Rotatable ball momentum transfer assembly for an amusement game

Abstract

A rotatable ball momentum transfer assembly for an amusement gam, such as a pinball machine includes an impact ball mounted to an inclined playfield and a shaft mounted to the playfield proximate to the impact ball. A travel ball is coupled to the shaft such that the travel ball rests against the impact ball during gameplay to receive momentum from the impact ball when the impact ball is struck by a game ball, causing the travel ball to at least partially rotate about the shaft. In one example, the travel ball rotates in a fixed arc towards one of two resting positions on either side of the impact ball. These two resting positions both open or close different shot paths available during gameplay.

Description

FIELD OF THE DISCLOSURE

The present disclosure relates generally to amusement games and more particularly to a rotatable ball momentum transfer assembly for an amusement game device, such as a pinball machine.

BACKGROUND

Amusement game devices, such as pinball machines, redemption games, etc. of the commercial, e.g., revenue generating, and non-commercial, e.g., home entertainment, type are generally well known in the art. By way of example, U.S. Pat. Nos. 2,226,885 and 2,791,428 each illustrate and describe amusement game devices, such as pinball games, of the type having a cabinet which houses a confined ball on a playfield, each of which are incorporated herein by reference in their entirety.

In a typical pinball game, a ball is propelled into play on an inclined playfield with a ball plunger assembly and during gameplay, the pinball strikes various elements and gaming assemblies with each strike registering a score and/or a gaming event. The various game elements may include ramps, ball guides, formed lanes, drop targets, pop bumpers, spinners, bash toys, etc.
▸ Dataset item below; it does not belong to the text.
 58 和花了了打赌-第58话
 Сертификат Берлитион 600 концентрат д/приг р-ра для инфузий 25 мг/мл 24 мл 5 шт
At least two flipper assemblies are usually provided at the lower end of the playfield to propel the ball back into play on the playfield and to impact additional game elements.

In one example, the pinball game includes a linear ball momentum transfer feature, such as described in U.S. Pat. No. 5,511,783. The pinball momentum transfer device utilizes an impact ball anchored to the playfield. The impact ball, in cooperation with guide elements on the playfield, define a ball travel area for a captive ball confined within the guide elements. Momentum can be transferred from a game ball via the impact ball so as to project the captive ball towards a target element contained within the confined area.
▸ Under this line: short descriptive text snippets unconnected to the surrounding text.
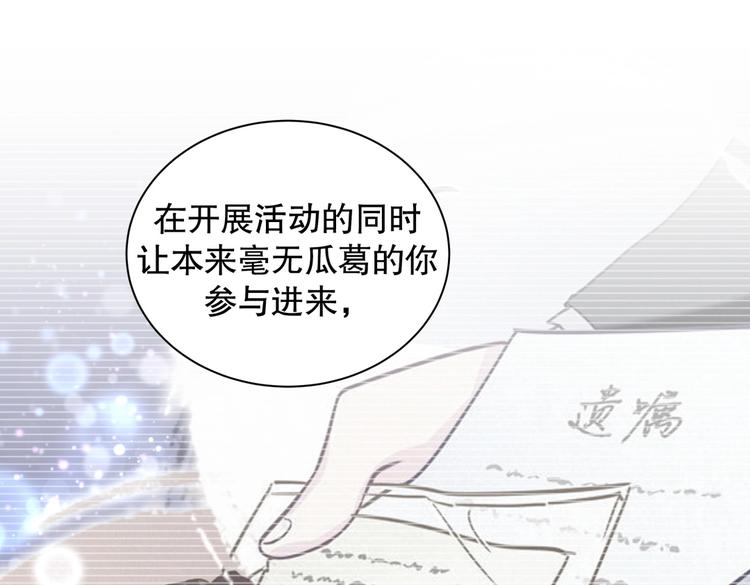 第29话 得第一名的感觉如何？(1/3)-第29话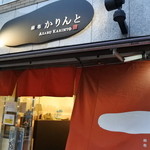 AZABU KARINTO - 店頭看板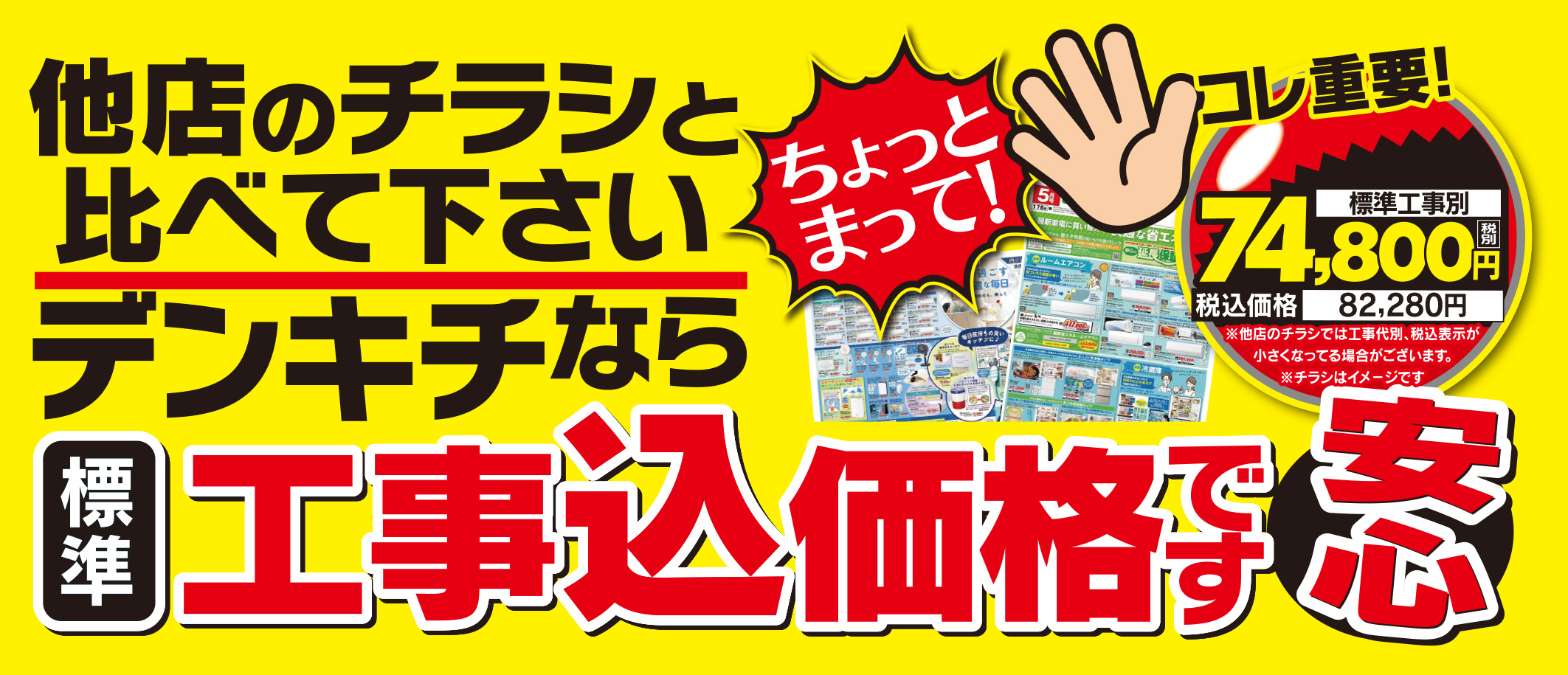 バナー360−155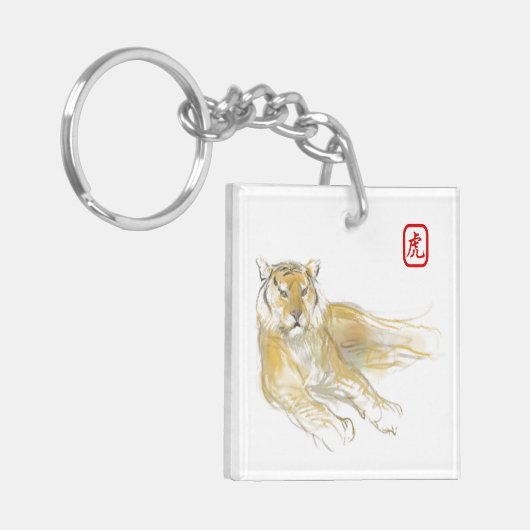Original Zeichnend 2 Chinesisches Tiger Jahr m Geb Schlüsselanhänger (Vorderseite links)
While the described linear ball momentum transfer feature, such as described above, may generally work for its intended purpose, there is an identifiable need for various enhancements and improvements to amusement game features such as disclosed below.

BRIEF DESCRIPTION OF THE DRAWINGS

For a better understanding of the rotatable ball momentum transfer assembly disclosed hereinafter reference may be had to the following drawings.

FIG. 1 illustrates an example amusement game device in the form of a pinball machine including an example of the disclosed rotatable ball momentum transfer assembly.

FIG. 2 is an example block diagram of example components of the amusement game device of FIG. 1

FIG. 3 is a top perspective view illustrating an upper portion of the example rotatable ball momentum transfer assembly as installed on a top surface of an example playfield.

FIG. 4 is an exploded perspective view of the upper portion of the example rotatable ball momentum transfer assembly of FIG. 3.

FIG. 5 is a bottom perspective view illustrating a lower portion of the example rotatable ball momentum transfer assembly as installed on a bottom surface of the example playfield.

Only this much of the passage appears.